> **ACTIVITY**
Nothing but the lines from the one containing "Djup Himmelsastrofotografi Det" through the last line of the data below should be returned, each copied exactly.

> **Crawled caption data**
--- START ---
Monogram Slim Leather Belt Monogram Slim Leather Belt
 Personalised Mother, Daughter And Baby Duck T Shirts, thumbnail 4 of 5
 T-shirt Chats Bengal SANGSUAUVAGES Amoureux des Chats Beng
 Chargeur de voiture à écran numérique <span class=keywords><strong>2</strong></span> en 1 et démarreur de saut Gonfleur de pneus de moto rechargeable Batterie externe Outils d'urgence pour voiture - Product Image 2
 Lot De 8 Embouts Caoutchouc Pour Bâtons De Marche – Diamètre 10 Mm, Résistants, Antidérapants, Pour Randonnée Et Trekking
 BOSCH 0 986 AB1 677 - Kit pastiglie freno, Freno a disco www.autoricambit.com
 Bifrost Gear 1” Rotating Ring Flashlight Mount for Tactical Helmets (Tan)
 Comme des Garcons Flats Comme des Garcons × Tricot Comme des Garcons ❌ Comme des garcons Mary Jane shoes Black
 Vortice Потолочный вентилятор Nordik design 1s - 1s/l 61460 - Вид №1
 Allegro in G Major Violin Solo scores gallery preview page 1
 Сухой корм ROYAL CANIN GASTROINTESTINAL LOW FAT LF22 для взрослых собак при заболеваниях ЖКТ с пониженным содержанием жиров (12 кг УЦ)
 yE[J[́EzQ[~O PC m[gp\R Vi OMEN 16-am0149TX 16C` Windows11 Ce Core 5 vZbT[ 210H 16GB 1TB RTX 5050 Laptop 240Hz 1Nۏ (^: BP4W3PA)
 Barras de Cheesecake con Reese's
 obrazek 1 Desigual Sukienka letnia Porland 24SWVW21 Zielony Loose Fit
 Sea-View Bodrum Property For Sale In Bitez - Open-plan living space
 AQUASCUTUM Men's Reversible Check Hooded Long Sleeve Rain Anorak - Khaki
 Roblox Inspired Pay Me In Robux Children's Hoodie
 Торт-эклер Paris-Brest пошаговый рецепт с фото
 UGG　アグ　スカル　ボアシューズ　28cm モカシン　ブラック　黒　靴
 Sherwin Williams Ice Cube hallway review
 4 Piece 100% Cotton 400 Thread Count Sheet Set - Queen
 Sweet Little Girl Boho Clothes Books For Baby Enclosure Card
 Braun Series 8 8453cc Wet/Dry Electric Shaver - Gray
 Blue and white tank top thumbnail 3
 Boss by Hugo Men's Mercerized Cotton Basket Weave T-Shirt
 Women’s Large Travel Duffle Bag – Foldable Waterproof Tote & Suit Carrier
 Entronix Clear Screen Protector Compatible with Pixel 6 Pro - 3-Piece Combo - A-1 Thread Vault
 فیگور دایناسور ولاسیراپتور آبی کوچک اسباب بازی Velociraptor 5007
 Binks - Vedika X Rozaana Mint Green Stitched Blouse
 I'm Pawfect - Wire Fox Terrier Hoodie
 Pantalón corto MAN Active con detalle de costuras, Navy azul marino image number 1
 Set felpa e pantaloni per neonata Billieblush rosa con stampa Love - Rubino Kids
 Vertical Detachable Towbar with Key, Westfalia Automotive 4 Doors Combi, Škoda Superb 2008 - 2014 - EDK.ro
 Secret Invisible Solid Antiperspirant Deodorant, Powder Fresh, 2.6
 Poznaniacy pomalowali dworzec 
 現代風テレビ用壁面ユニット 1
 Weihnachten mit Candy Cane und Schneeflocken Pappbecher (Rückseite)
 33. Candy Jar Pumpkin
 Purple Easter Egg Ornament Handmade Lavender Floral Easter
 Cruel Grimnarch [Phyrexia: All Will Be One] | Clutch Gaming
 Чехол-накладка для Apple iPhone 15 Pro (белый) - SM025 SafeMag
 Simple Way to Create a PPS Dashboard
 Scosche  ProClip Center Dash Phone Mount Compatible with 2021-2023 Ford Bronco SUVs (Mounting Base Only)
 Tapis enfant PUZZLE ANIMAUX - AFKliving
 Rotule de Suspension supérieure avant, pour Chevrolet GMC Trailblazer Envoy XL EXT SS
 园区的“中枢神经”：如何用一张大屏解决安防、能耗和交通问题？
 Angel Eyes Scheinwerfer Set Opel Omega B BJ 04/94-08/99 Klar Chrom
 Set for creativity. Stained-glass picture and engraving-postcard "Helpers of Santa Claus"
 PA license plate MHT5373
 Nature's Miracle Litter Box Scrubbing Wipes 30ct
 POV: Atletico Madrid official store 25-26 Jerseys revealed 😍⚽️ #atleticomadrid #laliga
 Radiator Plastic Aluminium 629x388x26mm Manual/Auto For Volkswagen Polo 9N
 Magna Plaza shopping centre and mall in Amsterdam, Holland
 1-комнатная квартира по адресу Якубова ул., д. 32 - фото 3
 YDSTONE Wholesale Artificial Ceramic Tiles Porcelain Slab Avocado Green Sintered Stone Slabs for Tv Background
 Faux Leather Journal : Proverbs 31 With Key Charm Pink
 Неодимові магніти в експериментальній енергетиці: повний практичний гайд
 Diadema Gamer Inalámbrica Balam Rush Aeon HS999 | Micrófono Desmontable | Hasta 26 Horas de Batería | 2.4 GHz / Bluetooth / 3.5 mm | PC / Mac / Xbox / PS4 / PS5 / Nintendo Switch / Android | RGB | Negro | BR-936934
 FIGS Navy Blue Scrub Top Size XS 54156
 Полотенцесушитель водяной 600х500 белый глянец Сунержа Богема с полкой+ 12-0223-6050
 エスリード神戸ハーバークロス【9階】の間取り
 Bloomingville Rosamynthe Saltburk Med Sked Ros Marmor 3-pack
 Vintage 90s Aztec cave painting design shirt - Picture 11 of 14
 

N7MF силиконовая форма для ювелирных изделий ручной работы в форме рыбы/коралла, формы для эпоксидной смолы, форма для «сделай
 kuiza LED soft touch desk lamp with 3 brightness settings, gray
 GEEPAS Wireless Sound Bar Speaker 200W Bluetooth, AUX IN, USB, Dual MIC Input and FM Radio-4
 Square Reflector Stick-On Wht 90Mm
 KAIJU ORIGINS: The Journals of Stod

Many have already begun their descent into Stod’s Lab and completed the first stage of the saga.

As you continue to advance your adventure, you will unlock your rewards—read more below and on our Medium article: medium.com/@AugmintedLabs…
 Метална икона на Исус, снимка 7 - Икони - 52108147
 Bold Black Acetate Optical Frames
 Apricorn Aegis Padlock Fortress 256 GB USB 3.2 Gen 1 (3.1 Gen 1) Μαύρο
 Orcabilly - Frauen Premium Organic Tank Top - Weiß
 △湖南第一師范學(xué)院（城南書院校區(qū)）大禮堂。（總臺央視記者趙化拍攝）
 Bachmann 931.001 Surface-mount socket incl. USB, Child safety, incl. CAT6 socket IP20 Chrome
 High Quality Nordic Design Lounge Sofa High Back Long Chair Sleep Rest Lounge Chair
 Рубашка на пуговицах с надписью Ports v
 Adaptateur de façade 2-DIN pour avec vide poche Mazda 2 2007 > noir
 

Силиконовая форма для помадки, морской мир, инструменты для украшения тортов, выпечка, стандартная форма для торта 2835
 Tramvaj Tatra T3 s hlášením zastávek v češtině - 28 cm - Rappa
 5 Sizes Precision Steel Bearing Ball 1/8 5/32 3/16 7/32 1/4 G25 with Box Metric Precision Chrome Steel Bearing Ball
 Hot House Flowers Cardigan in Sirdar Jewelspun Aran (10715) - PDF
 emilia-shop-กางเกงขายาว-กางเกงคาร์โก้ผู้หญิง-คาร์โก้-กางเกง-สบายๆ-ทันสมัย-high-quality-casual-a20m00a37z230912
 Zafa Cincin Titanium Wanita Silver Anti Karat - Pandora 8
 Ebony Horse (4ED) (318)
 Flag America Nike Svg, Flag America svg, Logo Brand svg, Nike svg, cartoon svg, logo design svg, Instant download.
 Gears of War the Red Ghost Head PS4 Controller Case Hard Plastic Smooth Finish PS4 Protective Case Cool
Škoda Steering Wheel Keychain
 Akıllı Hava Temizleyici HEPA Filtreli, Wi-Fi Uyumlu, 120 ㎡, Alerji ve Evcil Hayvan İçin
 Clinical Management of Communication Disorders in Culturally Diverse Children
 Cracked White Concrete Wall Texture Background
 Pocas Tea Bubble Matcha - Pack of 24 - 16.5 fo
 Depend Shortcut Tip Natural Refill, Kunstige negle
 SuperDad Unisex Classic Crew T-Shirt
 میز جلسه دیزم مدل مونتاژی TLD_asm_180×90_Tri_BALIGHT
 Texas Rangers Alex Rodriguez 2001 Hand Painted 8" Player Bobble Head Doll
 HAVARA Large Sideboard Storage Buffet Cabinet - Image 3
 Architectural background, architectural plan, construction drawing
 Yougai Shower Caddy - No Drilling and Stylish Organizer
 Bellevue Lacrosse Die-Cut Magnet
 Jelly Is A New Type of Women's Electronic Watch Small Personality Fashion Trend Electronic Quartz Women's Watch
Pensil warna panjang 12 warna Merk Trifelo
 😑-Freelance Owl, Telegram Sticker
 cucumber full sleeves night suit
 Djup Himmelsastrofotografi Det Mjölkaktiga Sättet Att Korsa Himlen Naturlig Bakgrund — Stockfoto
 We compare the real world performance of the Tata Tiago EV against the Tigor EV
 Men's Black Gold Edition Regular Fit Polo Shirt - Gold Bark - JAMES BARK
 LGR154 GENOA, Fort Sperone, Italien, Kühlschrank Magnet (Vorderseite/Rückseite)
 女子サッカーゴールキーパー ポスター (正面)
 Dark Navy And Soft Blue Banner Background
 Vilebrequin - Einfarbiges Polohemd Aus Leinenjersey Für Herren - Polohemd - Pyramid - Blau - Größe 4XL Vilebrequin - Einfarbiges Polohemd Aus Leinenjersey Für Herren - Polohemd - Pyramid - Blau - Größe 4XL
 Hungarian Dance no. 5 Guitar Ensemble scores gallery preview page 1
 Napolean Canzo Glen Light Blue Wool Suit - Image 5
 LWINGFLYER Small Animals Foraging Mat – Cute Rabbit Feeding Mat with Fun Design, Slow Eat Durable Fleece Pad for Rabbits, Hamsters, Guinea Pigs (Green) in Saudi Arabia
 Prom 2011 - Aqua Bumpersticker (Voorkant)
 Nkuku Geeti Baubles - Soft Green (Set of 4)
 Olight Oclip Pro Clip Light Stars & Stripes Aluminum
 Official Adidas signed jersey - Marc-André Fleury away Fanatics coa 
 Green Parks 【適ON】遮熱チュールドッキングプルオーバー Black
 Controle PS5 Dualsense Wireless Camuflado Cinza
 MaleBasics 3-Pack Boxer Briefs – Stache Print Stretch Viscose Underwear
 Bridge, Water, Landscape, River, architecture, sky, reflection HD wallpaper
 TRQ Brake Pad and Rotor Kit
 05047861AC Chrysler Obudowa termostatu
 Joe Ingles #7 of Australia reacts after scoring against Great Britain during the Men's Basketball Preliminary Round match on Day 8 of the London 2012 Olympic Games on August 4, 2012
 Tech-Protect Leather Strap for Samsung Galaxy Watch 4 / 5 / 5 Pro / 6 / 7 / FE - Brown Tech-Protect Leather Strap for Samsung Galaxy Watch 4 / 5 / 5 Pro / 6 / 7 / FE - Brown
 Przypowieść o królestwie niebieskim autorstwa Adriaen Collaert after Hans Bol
--- END ---
> **TASK RESPONSE**
 Djup Himmelsastrofotografi Det Mjölkaktiga Sättet Att Korsa Himlen Naturlig Bakgrund — Stockfoto
 We compare the real world performance of the Tata Tiago EV against the Tigor EV
 Men's Black Gold Edition Regular Fit Polo Shirt - Gold Bark - JAMES BARK
 LGR154 GENOA, Fort Sperone, Italien, Kühlschrank Magnet (Vorderseite/Rückseite)
 女子サッカーゴールキーパー ポスター (正面)
 Dark Navy And Soft Blue Banner Background
 Vilebrequin - Einfarbiges Polohemd Aus Leinenjersey Für Herren - Polohemd - Pyramid - Blau - Größe 4XL Vilebrequin - Einfarbiges Polohemd Aus Leinenjersey Für Herren - Polohemd - Pyramid - Blau - Größe 4XL
 Hungarian Dance no. 5 Guitar Ensemble scores gallery preview page 1
 Napolean Canzo Glen Light Blue Wool Suit - Image 5
 LWINGFLYER Small Animals Foraging Mat – Cute Rabbit Feeding Mat with Fun Design, Slow Eat Durable Fleece Pad for Rabbits, Hamsters, Guinea Pigs (Green) in Saudi Arabia
 Prom 2011 - Aqua Bumpersticker (Voorkant)
 Nkuku Geeti Baubles - Soft Green (Set of 4)
 Olight Oclip Pro Clip Light Stars & Stripes Aluminum
 Official Adidas signed jersey - Marc-André Fleury away Fanatics coa 
 Green Parks 【適ON】遮熱チュールドッキングプルオーバー Black
 Controle PS5 Dualsense Wireless Camuflado Cinza
 MaleBasics 3-Pack Boxer Briefs – Stache Print Stretch Viscose Underwear
 Bridge, Water, Landscape, River, architecture, sky, reflection HD wallpaper
 TRQ Brake Pad and Rotor Kit
 05047861AC Chrysler Obudowa termostatu
 Joe Ingles #7 of Australia reacts after scoring against Great Britain during the Men's Basketball Preliminary Round match on Day 8 of the London 2012 Olympic Games on August 4, 2012
 Tech-Protect Leather Strap for Samsung Galaxy Watch 4 / 5 / 5 Pro / 6 / 7 / FE - Brown Tech-Protect Leather Strap for Samsung Galaxy Watch 4 / 5 / 5 Pro / 6 / 7 / FE - Brown
 Przypowieść o królestwie niebieskim autorstwa Adriaen Collaert after Hans Bol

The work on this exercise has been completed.